Pseudocompact Normal Space is Countably Compact
Theorem
Let $T = \struct {S, \tau}$ be a normal space.
Then $T$ is pseudocompact if and only if $T$ is countably compact.
Proof
Let $T = \struct {S, \tau}$ be a normal space.
By Countably Compact Space is Pseudocompact we already have that if $T$ is countably compact then $T$ is pseudocompact.
It remains to prove that if $T$ is pseudocompact then $T$ is countably compact.
Aiming for a contradiction, suppose $T$ is not countably compact.
By definition of countably compact space, $S$ contains an infinite subset $H = \set {x_n}$ with no $\omega$-accumulation point in $T$.
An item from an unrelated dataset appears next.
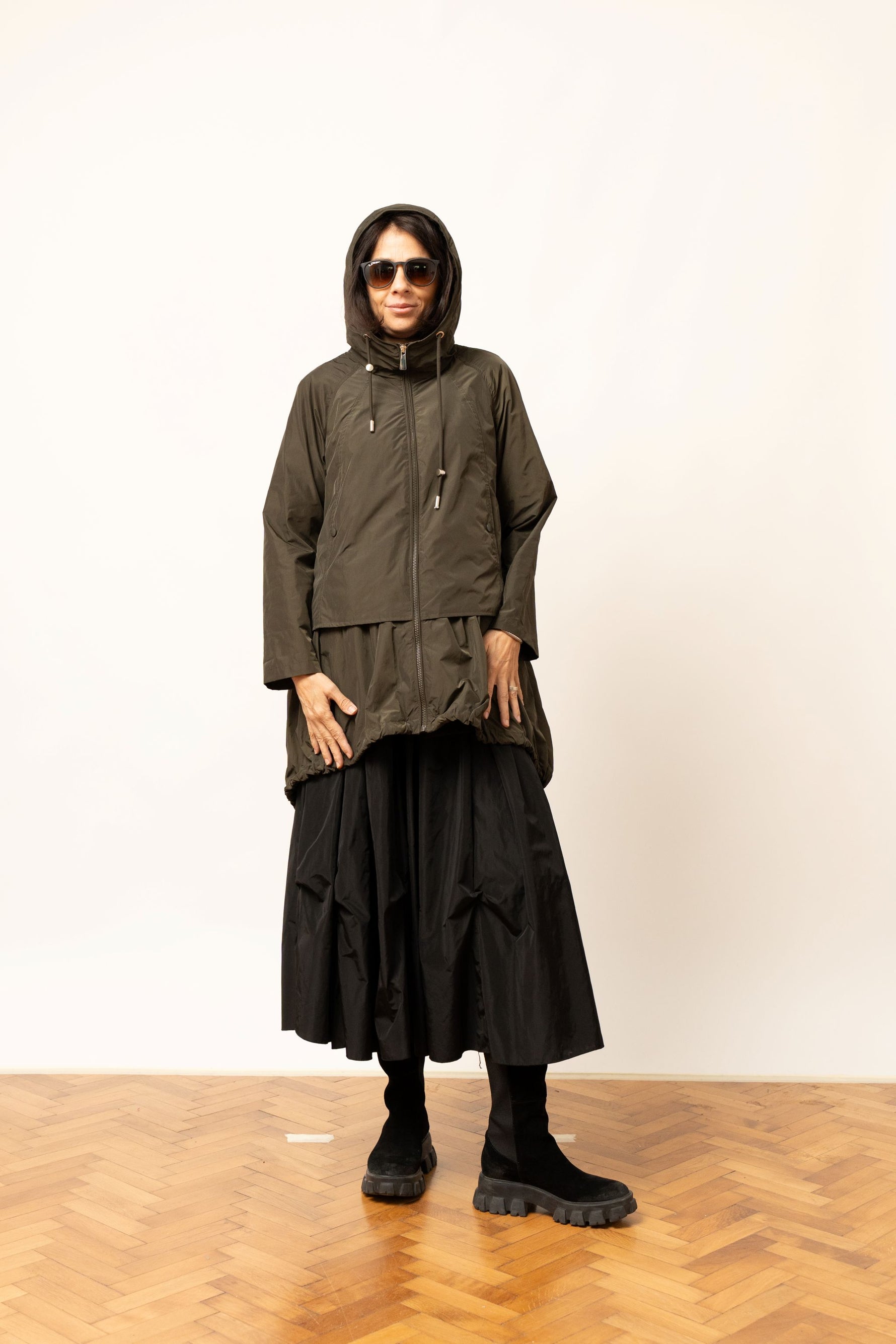 Geacă scurtă oversize khaki cu glugă ridicată și detaliu plisat la tiv, vedere frontală.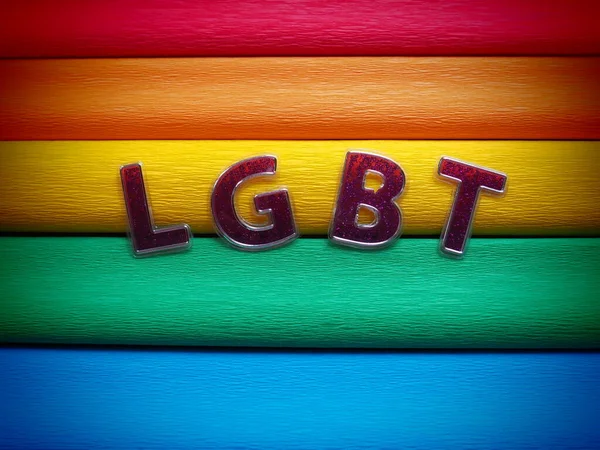 Afkorting LGBT, brief tekst. Paarse LGBT letters op de achtergrond van de regenboogvlag. Donker vignet. Een Rainbow Flag, de Pride Flag. LGBTQ-gemeenschapssymbool. — Stockfoto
Since, by definition of normal, $S$ is a $T_1$ space, $H$ is closed and discrete in the subspace topology.
 | This article, or a section of it, needs explaining. In particular: $H$ is closed and discrete in the subspace topology. You can help $\mathsf{Pr} \infty \mathsf{fWiki}$ by explaining it. To discuss this page in more detail, feel free to use the talk page. When this work has been completed, you may remove this instance of {{Explain}} from the code. |
By definition, $T$ is pseudocompact if and only if every continuous real-valued function on $S$ is bounded.
By definition of normal, we have that $S$ is a $T_4$ space.
Hence the Tietze Extension Theorem guarantees a continuous extension to $S$ of the unbounded continuous mapping $f: H \to \R$ defined by $\map f {x_n} = n$.
This contradicts our hypothesis that $S$ is pseudocompact.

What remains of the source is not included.